Partially because Jerome thinks I’m a crazy driver and partially because he’s...an architect he decided to drive. While I’m not exactly a stellar ‘map-girl,’ I had come prepared and printed out directions for our 5-hour drive from Lisbon to Porto days in advance (placing all my trust in Googlemaps). I even worked in several stops along the way, which I centered around breakfast, lunch and rush hour traffic. Our maps and directions worked well, although the hidden freeway signs and uniquely lettered or numbered highways sent us in the wrong direction more than once.
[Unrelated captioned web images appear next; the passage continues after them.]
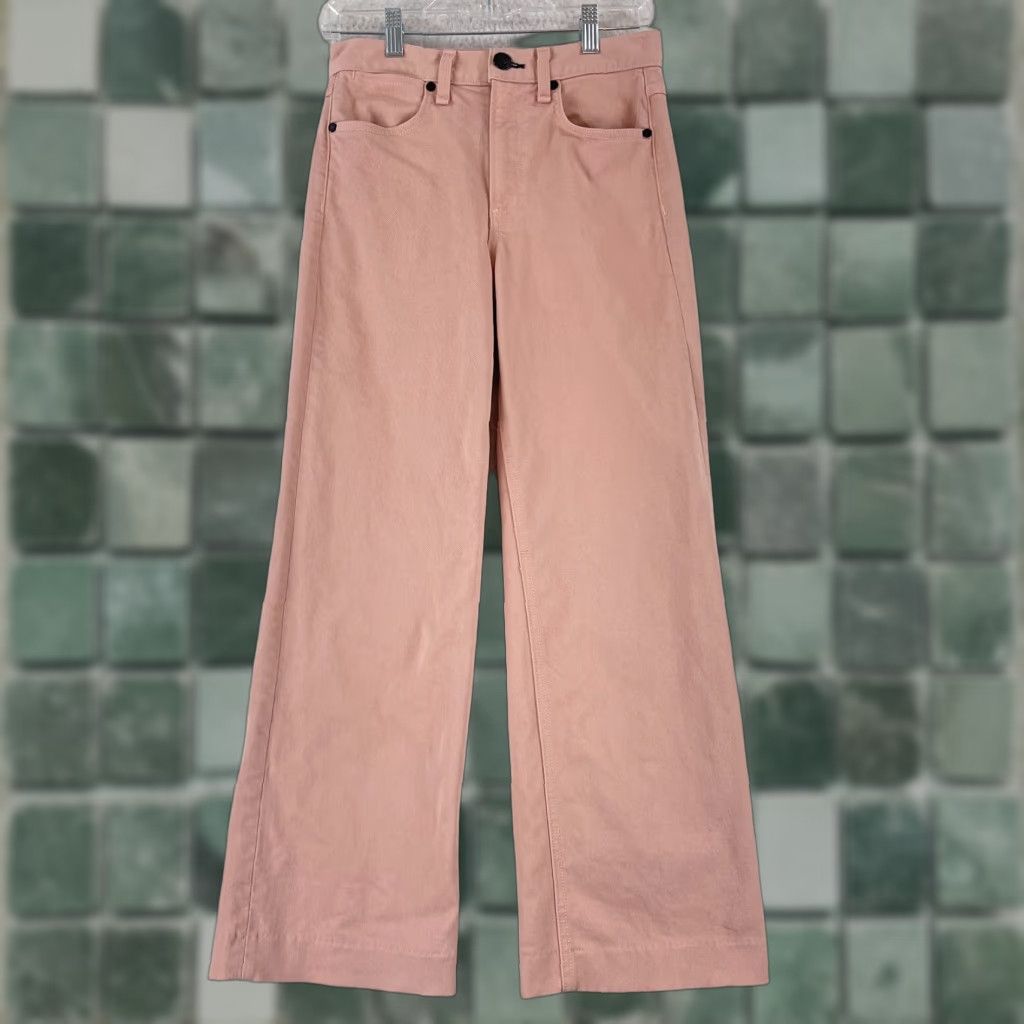 Rag & Bone rag & bone Justine Jeans Womens Pink Wide-Leg High-Rise Ankle Crop Size 25 Denim Cotton Spandex Regular 5-Pocket 26in Inseam Size 42" / US 20 - 1 Thumbnail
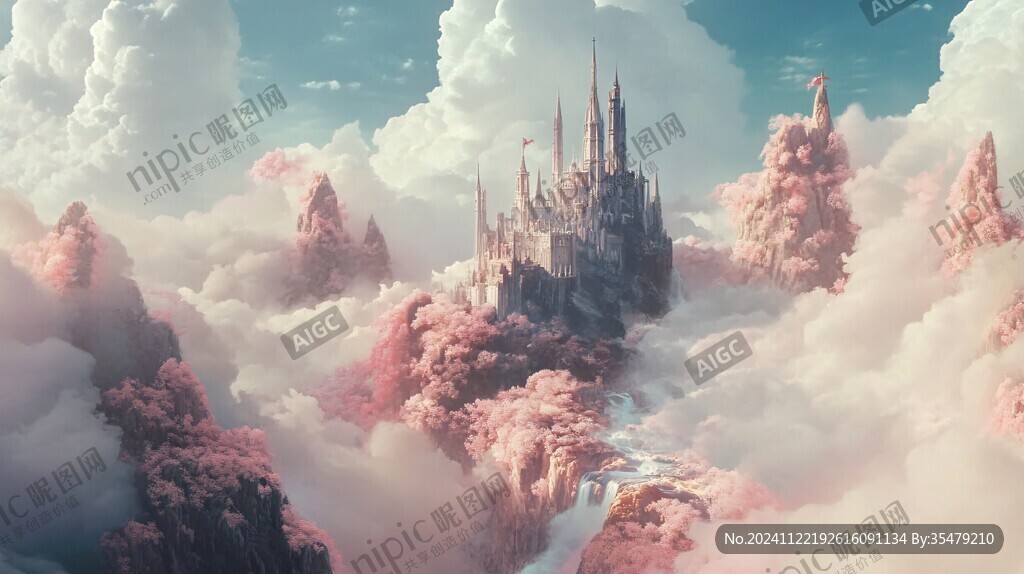 粉红色的超现实主义奇幻城堡
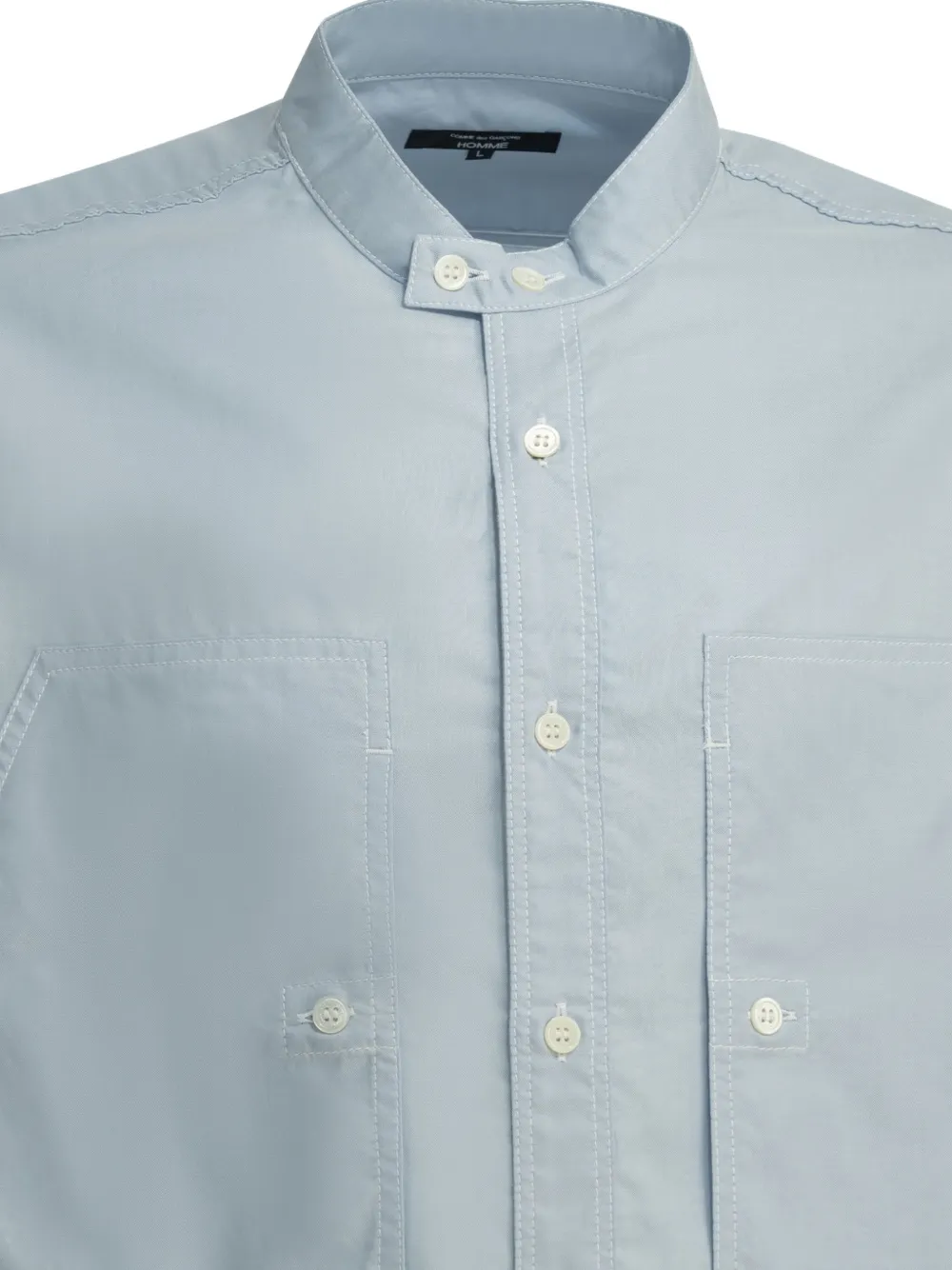 Comme des Garçons Homme Overhemd met opgestikte zak en bandkraag Blauw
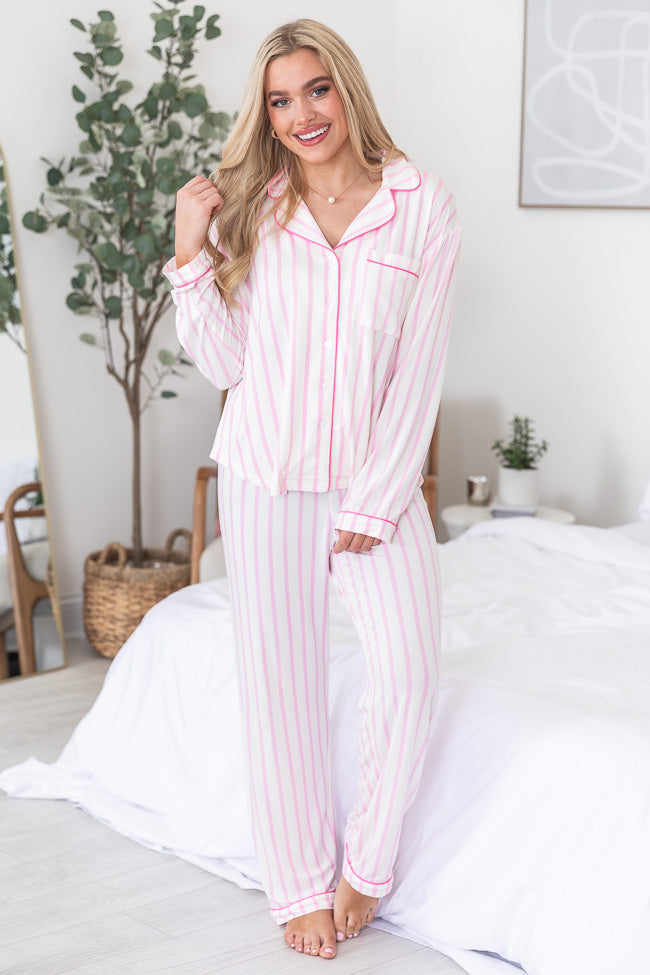 Makes A Difference Pink Stripe Bamboo Pajama Set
Luckily, our comical 4-volt car which I lovingly named Wee-Man (although Jerome wouldn’t stop calling him Man O’ War after a Portuguese jellyfish) made it safely onto the correct freeway and topped out around 80 MPH.
Our first stop was Obidos (http://www.portugalvirtual.pt/_tourism/costadeprata/obidos/index.html) in the Estremadura region, which we reached about 10 am. After reading about it’s romantic past, as a medieval walled city gifted from King Dom Dinis to Queen Dona Isabela in 1228 and it’s divine annual chocolate festival, I was eager to add it to our list of ‘must see cities.’ The city was everything I wanted for our first stop, historical but not overwhelming, quite but open-for-business and big enough to offer options but perfectly walkable. We toured the small city by foot and saw it’s churches, schools, shops, omnipresent castle and aqueduct before we sat down for a snack of homemade hummus noodles. It was a sweet city and a great first stop just a hop, skip, and jump away from Lisbon.
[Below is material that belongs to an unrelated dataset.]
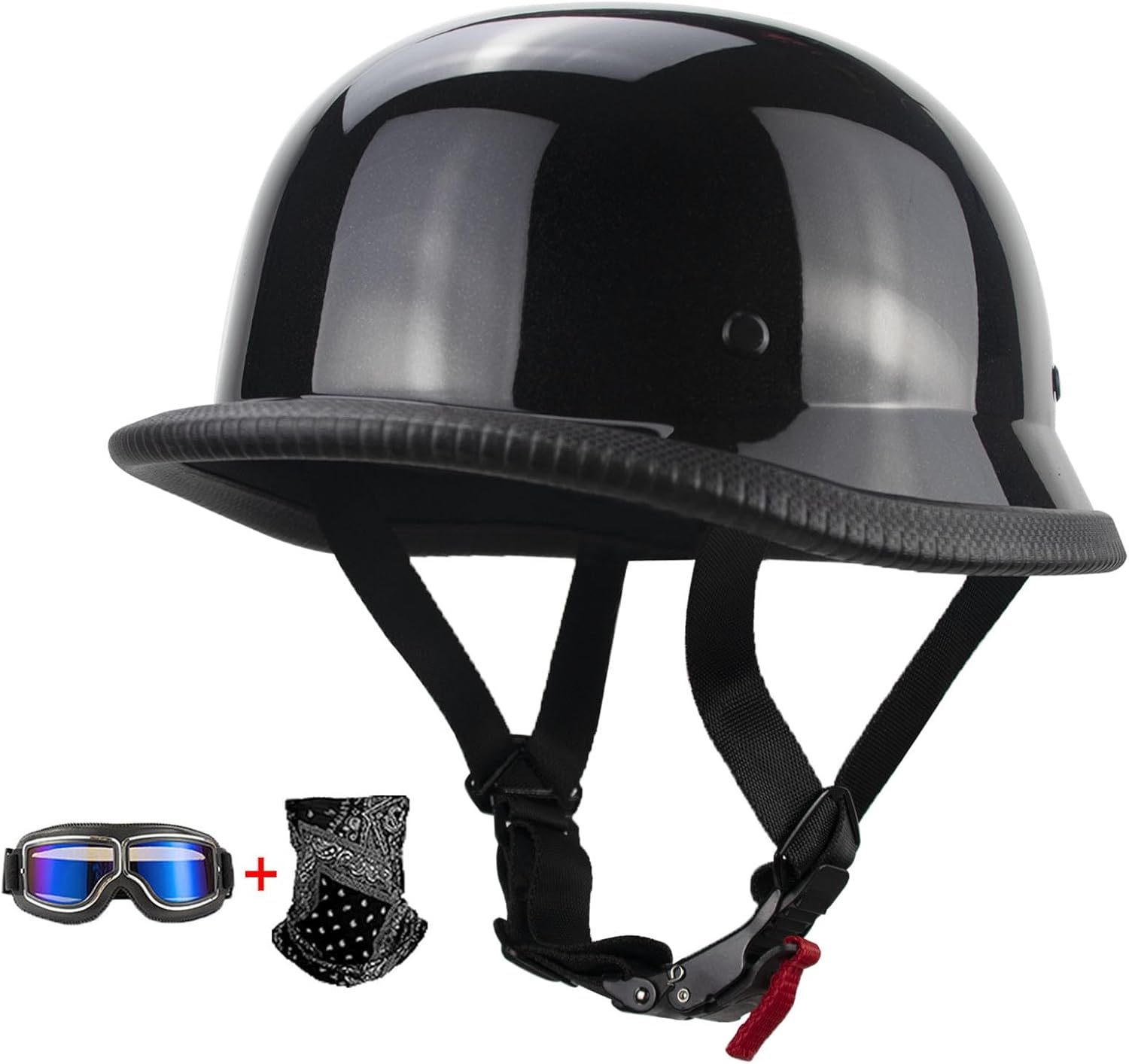 German Style Motorcycle Helmet Thin Skull Cap Half for Adult Men Women（Including Goggles and mask） Retro for Cruiser Scooter DOT Approve Novelty Half Shell Helmet Retro Face for Chopper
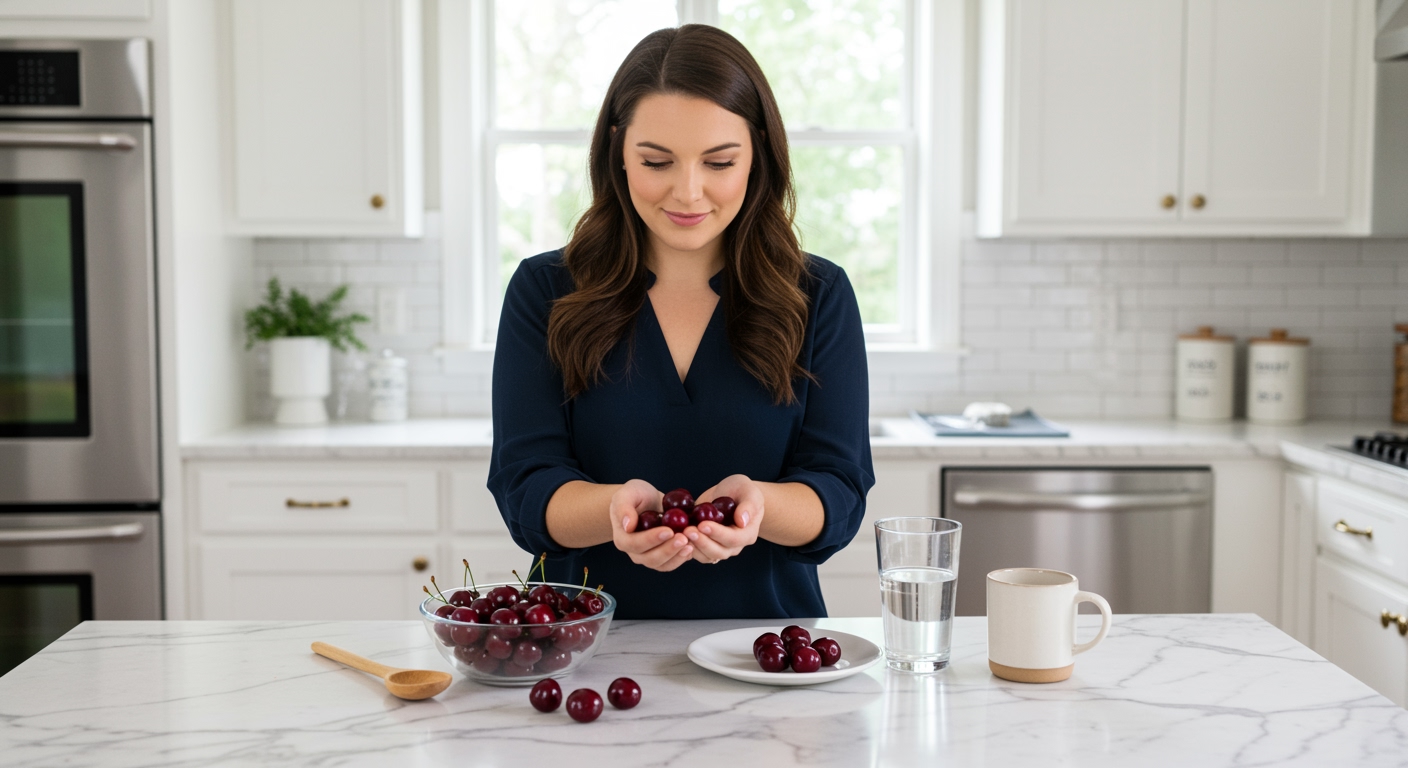 Young woman holding fresh red cherries in cupped hands above white marble countertop with PCOS-friendly foods in modern kitchen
Our second stop, a short time later was the inconspicuous city of Alcobaca, which I choose based on the description of its monastery, Mosteiro de Santa Maria de Alcobaca http://en.wikipedia.org/wiki/Monastery_of_Alcoba%C3%A7a. Some of my favorite travelers reviewed this 12th Century monastery as one of the main architectural and historical wonders in Portugal. It also held one of Europe’s largest kitchens, the tombs of star crossed lovers Dom Pedro and Dona Ines and the sleeping quarters for 999 monks which was more than enough to entice me to visit.


Traveling in the off-season has its perks and here, in the monastery, the lack of tourists and the beauty of silence was the most obvious. Jerome and I wandered from room to room through the abbey completely alone; fully armed with our maps and history books we took over the entire place for a few short hours. As we entered the nave of the church the doorway put us in our place, towering over us in a frightening way that only gothic architecture can do.
Once we entered and paid the small fee we began our circle through the interior corridors of the cloisters, which took over 40 years (and thousands of monks) to build. Although I can still remember each room clearly I’ll just tell you about my favorites so you don’t have to skip over this part.
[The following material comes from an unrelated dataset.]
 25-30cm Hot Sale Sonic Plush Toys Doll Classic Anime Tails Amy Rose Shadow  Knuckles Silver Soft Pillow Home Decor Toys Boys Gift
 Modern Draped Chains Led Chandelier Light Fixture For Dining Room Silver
The Portuguese are well known for their blue and white paintings on Azulejos, or ceramic tiles. The first room we entered was covered in beautiful Azulejos paintings from floor to ceiling and told the story of the Portuguese kings, prices, and warriors in the 12th and 13th Centuries.


The next on my list of favorites was the kitchen and refectory, which came alive before my eyes. It’s massive size, which apparently came from alterations made to the abbey in the 18th Century must have allowed from some extravagant meals. They even included a water channel which runs directly through the center of the room, suppling the entire kitchen with drinking water at their fingertips (or fee as the case may be.) The spit and open air chimney (see photo) was big enough to fit Jerome in….not that I tried. The hidden staircases leading up to the refectory were almost enough fun as the refectory itself. And the pint-sized doorway between the kitchen and refectory is said to be the monastery’s size-meter. If a monk was unable to pass through the doorway due to his weight, he was forced to fast until he was thin enough to move through the doorway with ease.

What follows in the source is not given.